دستانہ - _dastaanah_; دستانے - _dastaane_

The word for _story, etc._ has a different spelling! (Note: The plural form ends in a nasal nuun.)

داستان - _daastaan_; داستانیں - _daastaane*N*_


----------



## Khaanabadosh

Dastaane and moze is what we use. I don't think if I've ever used juraab in everyday speech.

Checked with a friend of mine - a Delhi Punjabi and he did confirm that they use juraab, and it is very common in Delhi.


----------



## littlepond

Sorry, that was a typo: I meant dastaane.


----------



## Dib

I second - juraab is common in Delhi.


----------



## amiramir

Thanks, kaanabadosh and dibji. Those are helpful confirmations.


----------



## mundiya

I personally say "juraabeN" much more than "moze". Someone was wondering about the correct pronunciation of the latter word in Hindi. It is indeed with *z*.

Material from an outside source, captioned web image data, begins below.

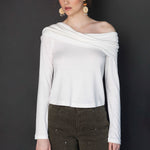 Polera Elsie Vint de la marca EI-2025-504, blusa de manga larga en color gris con diseño elegante y cómodo.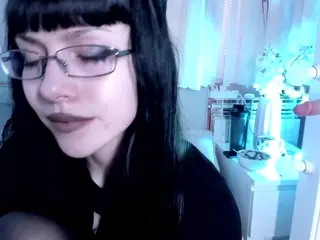 Riverlyyy's Live Sex Cam Show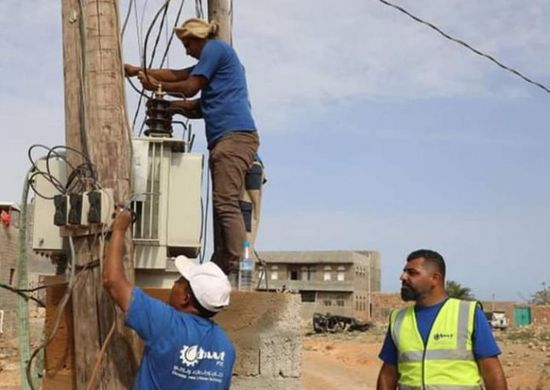 حملة إماراتية لتحسين خدمات الكهرباء في سقطرى (صور)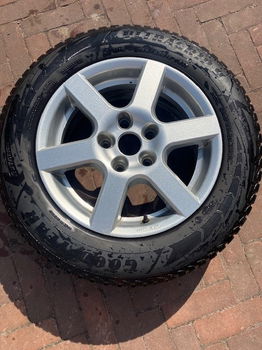 4 Stalen velgen (195/65R15) met velgenboom (2 winterbanden bruikbaar) - 5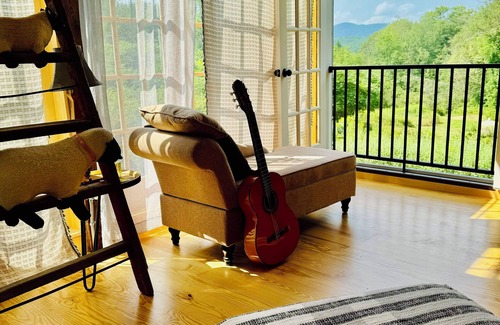 Greenfield Cabine | Charming cabin in delightful Greenfield New Hampshire with WiFi access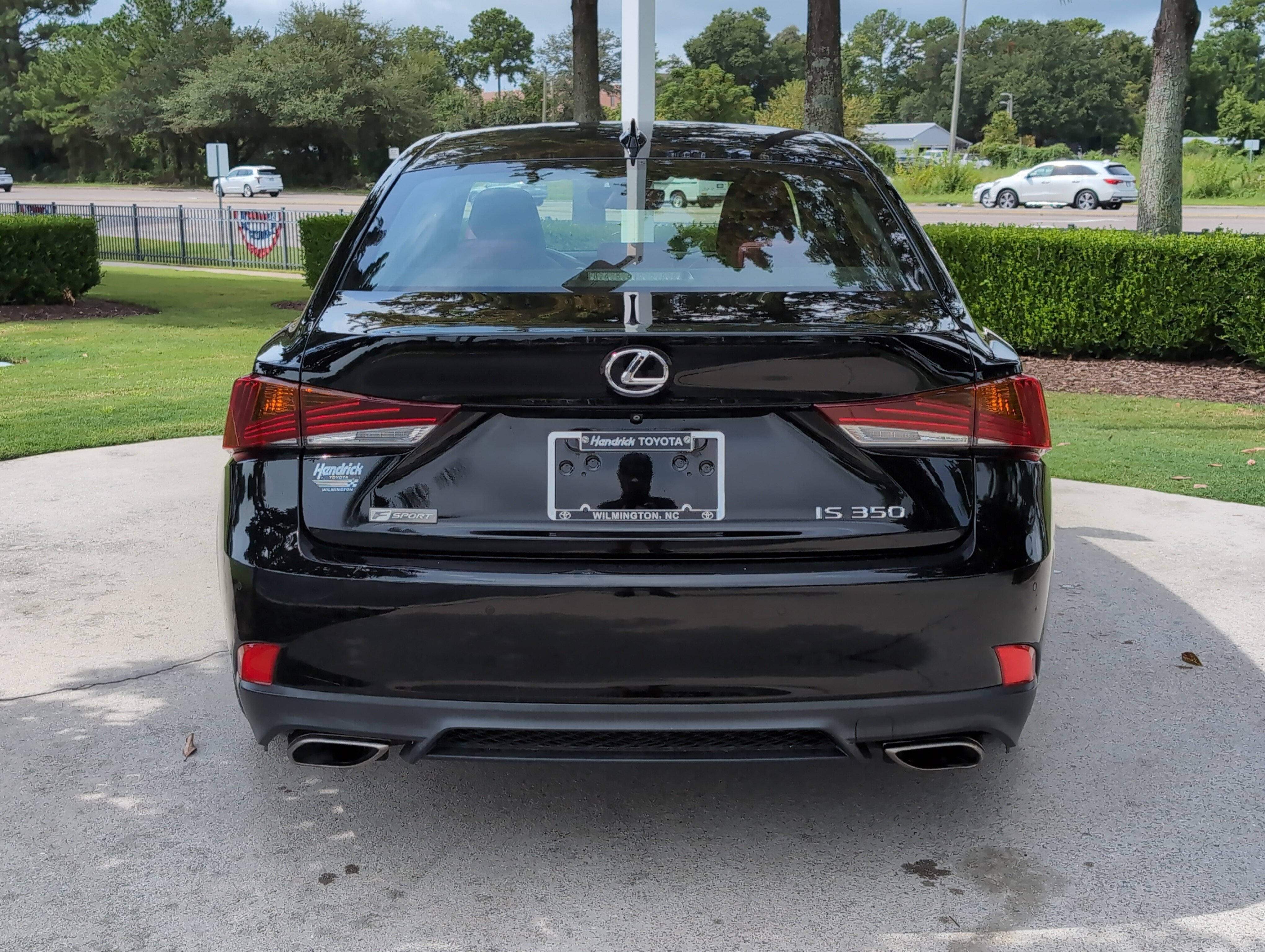Used 2019 Lexus IS 350 F Sport w/ F Sport Package RWD image 9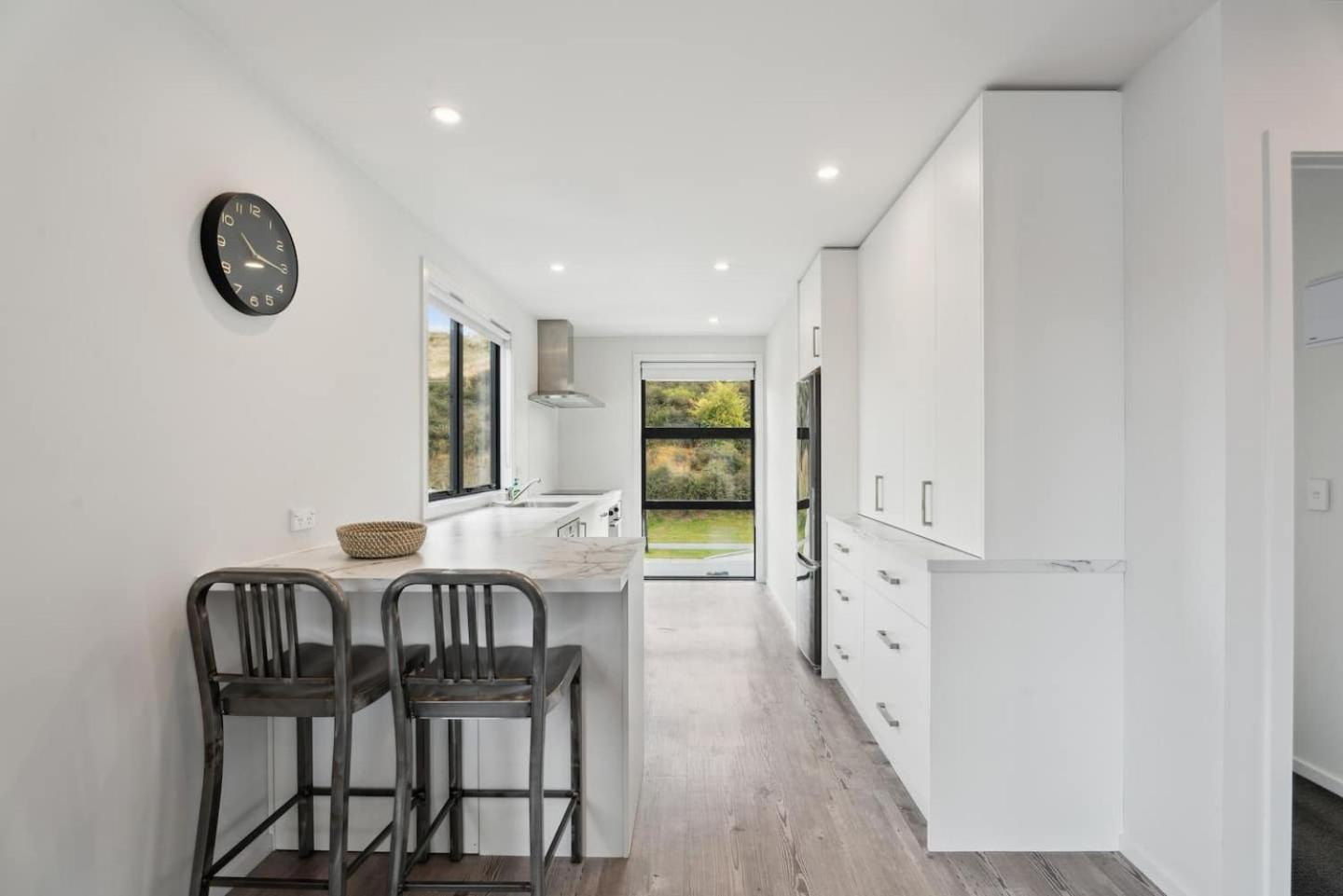 Modern Apartment With Coronet & Remarkables Views 퀸즈타운 외부 사진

Interesting side note about Arabic "mawz" (banana): I believe it is derived via Persian from Sanskrit "mocha", which has the same meaning.


----------



## ssnaglaksha

I am new to this forum but came across this as I was searching for the origin of 'jurrab' and 'jurrabein', which is how I knew the socks as I was growing up in Meerut district (in the 1950s). I do not remember anyone in my family or any of my neighbors use any other words for the socks.  When I went to a boarding school in Banaras, my classmates (from Bihar, Bengal, Assam, Maharashtra and Rajasthan) had not heard this word and found it amusing!   The languages evolve with time. Now, my nephews and nieces growing up in Meerut (in the 1980s and 1990s) only know 'moje' and socks. In any case, I continue to use jurrab and jurrabein even as I have immigrated to the US.


----------



## Qureshpor

Welcome to the forum@ssnaglaksha. I am familiar with both names but like you have never used the word "moze". mozah has its origins in Persian and jurraab is from Arabic originally.


----------